WORK ITEM
Each record needs to be retyped exactly, though its pictures should not appear.

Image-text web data
◇ ◇ ◇ ◇ ◇ ◇ ◇
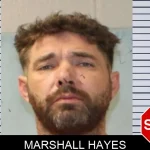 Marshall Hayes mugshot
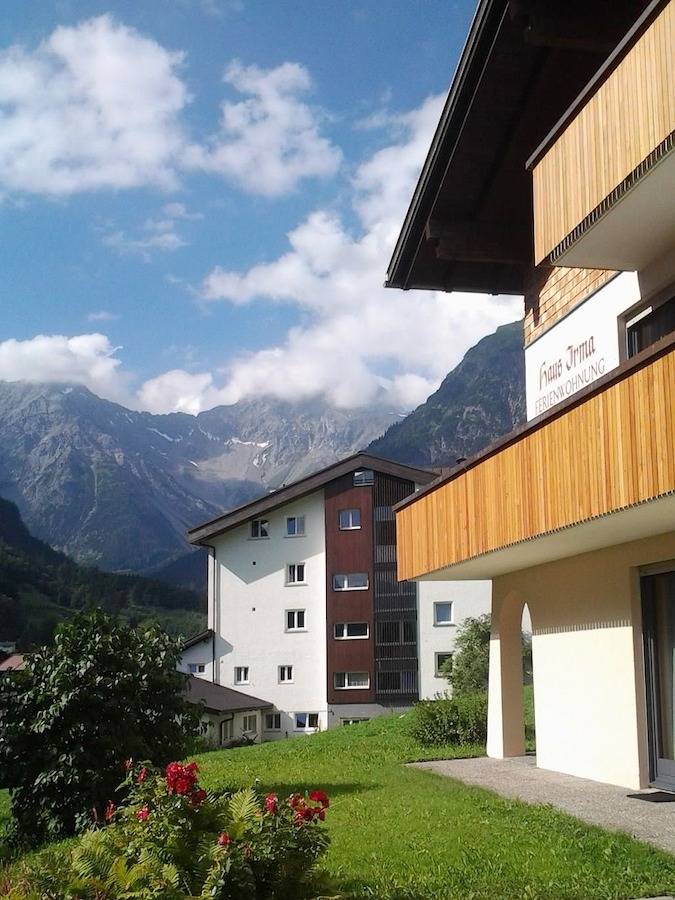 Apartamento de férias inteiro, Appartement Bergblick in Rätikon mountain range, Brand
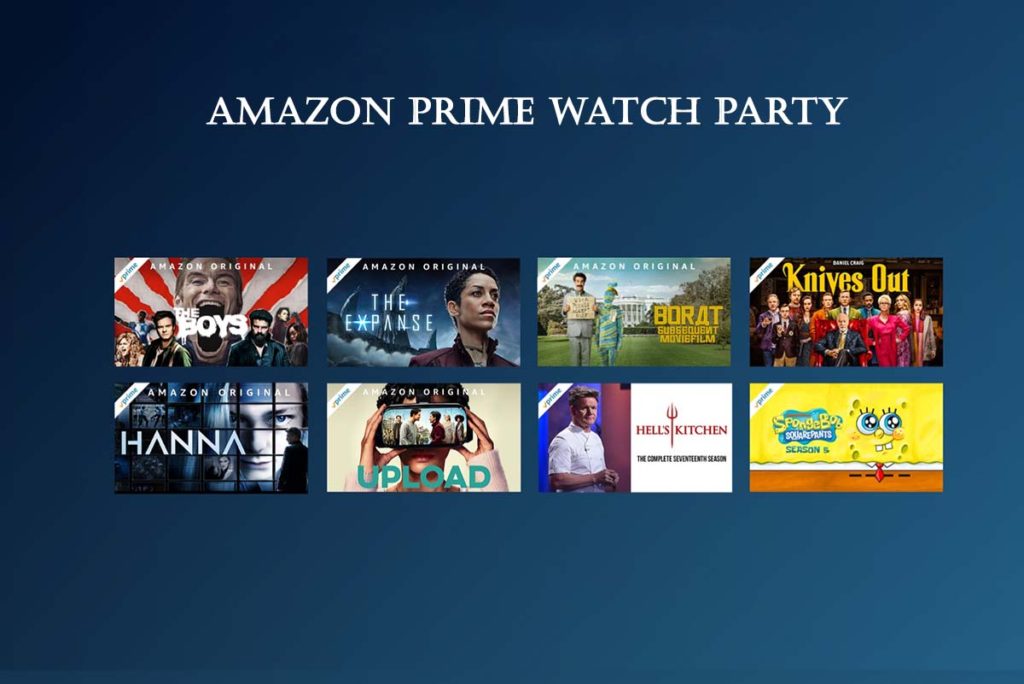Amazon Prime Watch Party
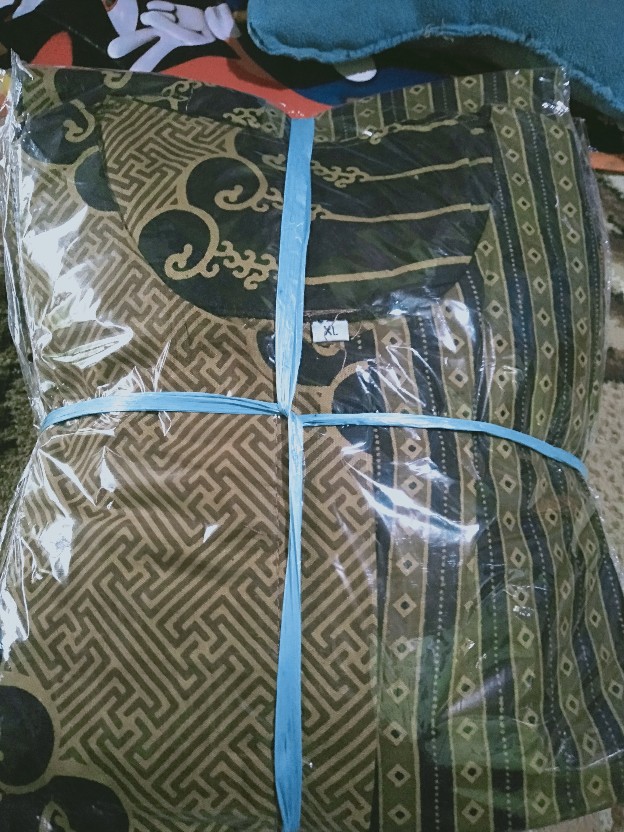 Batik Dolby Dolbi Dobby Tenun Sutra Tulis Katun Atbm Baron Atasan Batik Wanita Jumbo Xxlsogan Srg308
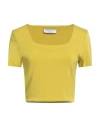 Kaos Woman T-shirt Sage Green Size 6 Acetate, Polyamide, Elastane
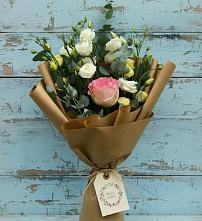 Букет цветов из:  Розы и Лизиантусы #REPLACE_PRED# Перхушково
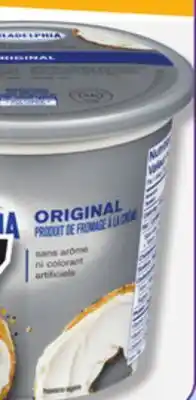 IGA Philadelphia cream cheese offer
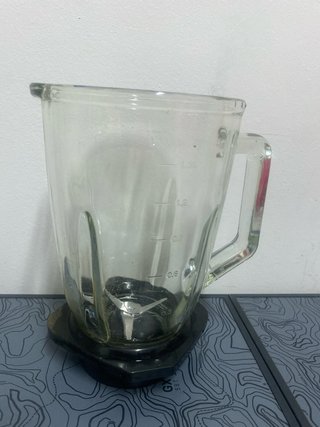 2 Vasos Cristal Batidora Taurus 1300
◇ ◇ ◇ ◇ ◇ ◇ ◇
RESPONSE TO THIS EXERCISE
 Marshall Hayes mugshot
 Apartamento de férias inteiro, Appartement Bergblick in Rätikon mountain range, Brand
Amazon Prime Watch Party
 Batik Dolby Dolbi Dobby Tenun Sutra Tulis Katun Atbm Baron Atasan Batik Wanita Jumbo Xxlsogan Srg308
 Kaos Woman T-shirt Sage Green Size 6 Acetate, Polyamide, Elastane
 Букет цветов из:  Розы и Лизиантусы #REPLACE_PRED# Перхушково
 IGA Philadelphia cream cheese offer
 2 Vasos Cristal Batidora Taurus 1300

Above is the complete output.